Recent advances in space robotics have underscored the need for modeling, estimation, and control frameworks that respect the intrinsic geometry of rigid-body motion. Traditional Euclidean formulations or small-angle approximations often fail to capture the coupled rotational–translational dynamics encountered in complex space operations, including multibody or perturbed dynamical regimes such as those found in cislunar or planetary environments. Geometric mechanics provides a principled, coordinate-free foundation for such problems, unifying attitude, pose, and momentum dynamics on Lie groups. In parallel, developments in invariant filtering, Riemannian optimization, and structure-preserving integration have bridged analytical mechanics with modern robotic autonomy and AI-based perception. These approaches enable globally consistent estimation and control laws that preserve physical invariants, enhance stability, and extend autonomy to highly nonlinear regimes. Bringing these developments together within a unified framework is timely for advancing next-generation guidance, navigation, and control (GNC) in intelligent space robotics.
This Research Topic aims to consolidate emerging advances in geometric mechanics and learning-based methods for modeling, dynamics, estimation, and autonomy of space robotic systems. Although substantial progress has been achieved across individual areas, current GNC frameworks often remain disconnected from the underlying geometric and variational structure of rigid-body motion. By uniting developments in geometric control theory, invariant and manifold-based filtering, Riemannian optimization, and learning-driven estimation and control, this collection seeks to establish a common foundation that ensures global consistency, robustness, and physical interpretability. The overarching goal is to promote cross-disciplinary integration between analytical mechanics, estimation theory, and robotic intelligence—enabling next-generation space systems capable of precise, reliable, and adaptive operation in nonlinear, uncertain, and dynamically coupled environments. Particular emphasis will be placed on contributions that demonstrate the integration of geometric principles with computational autonomy frameworks, bridging theoretical advances and real-world robotic performance in space.

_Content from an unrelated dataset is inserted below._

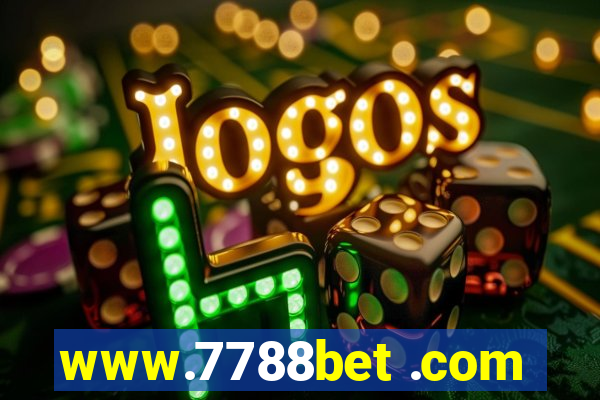 www.7788bet .com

This Research Topic welcomes contributions that advance geometric and learning-informed approaches to modeling, dynamics, estimation, and control of space robotic systems. Topics of interest include, but are not limited to: – Geometric mechanics and variational formulations for rigid-body and multibody dynamics; – Invariant and manifold-based estimation or filtering techniques; – Riemannian optimization and learning-based control on nonlinear manifolds; – Structure-preserving integration and geometric numerical methods; – Geometric optimal control, constrained motion coordination, and formation dynamics; – Integration of geometric frameworks with perception, planning, and AI-driven autonomy; – Applications to space robotics, on-orbit servicing, autonomous assembly, and mobility in complex dynamical environments.

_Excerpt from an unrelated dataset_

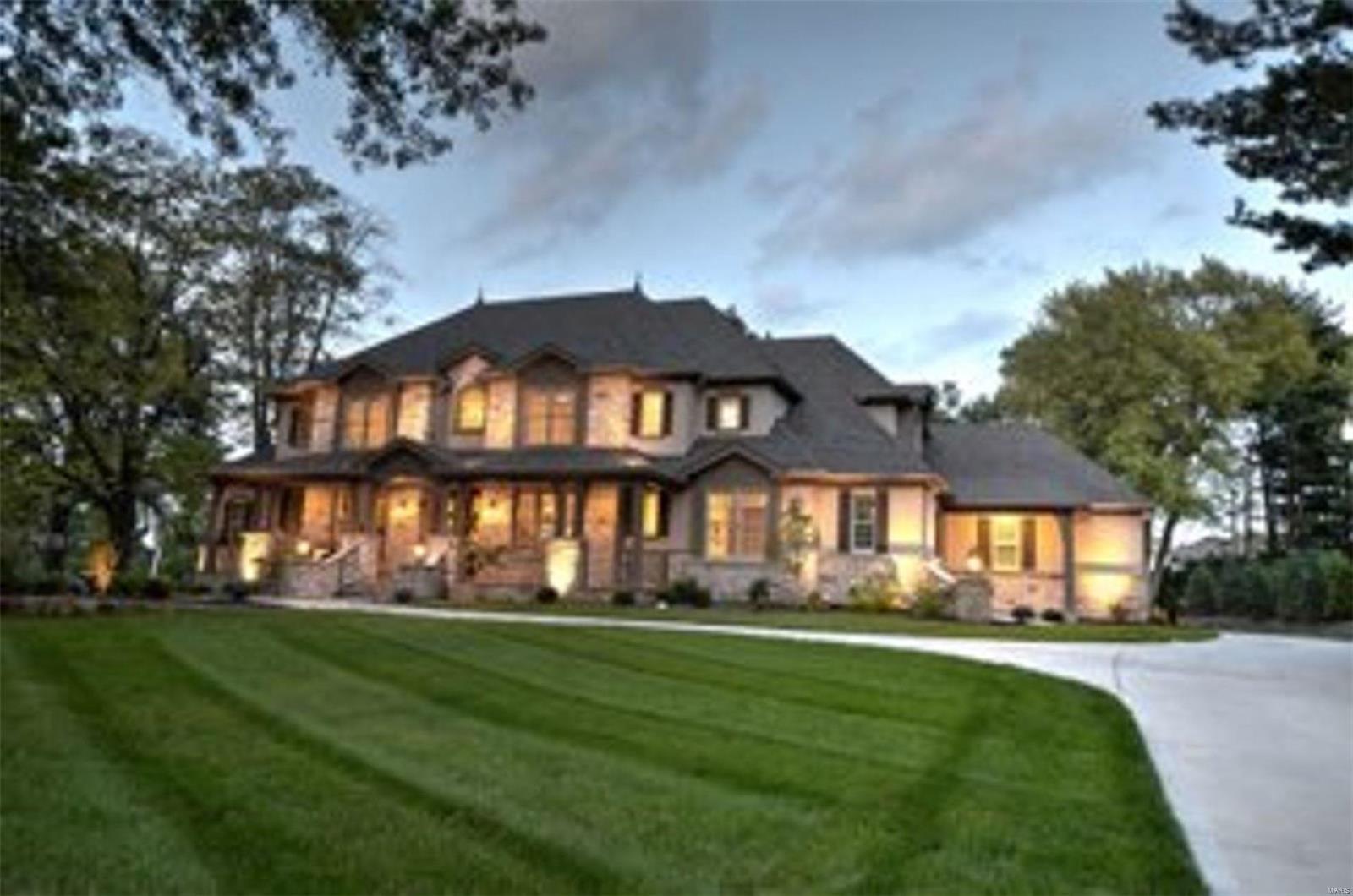 Claymark - Residential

Both theoretical and computational studies are encouraged, including algorithmic developments, simulation analyses, and experimental validations. Works that bridge geometric modeling and learning-based autonomy are particularly encouraged to foster synergy between classical mechanics, robotics, and modern AI-enabled GNC architectures in space.
Topic Editor Morad Nazari receives financial support from a NASA-funded SBIR Phase II project conducted through a private company. Topic Editor Sean Phillips is employed by AFRL. All other Topic Editors declare no competing interests with regards to the Research Topic subject.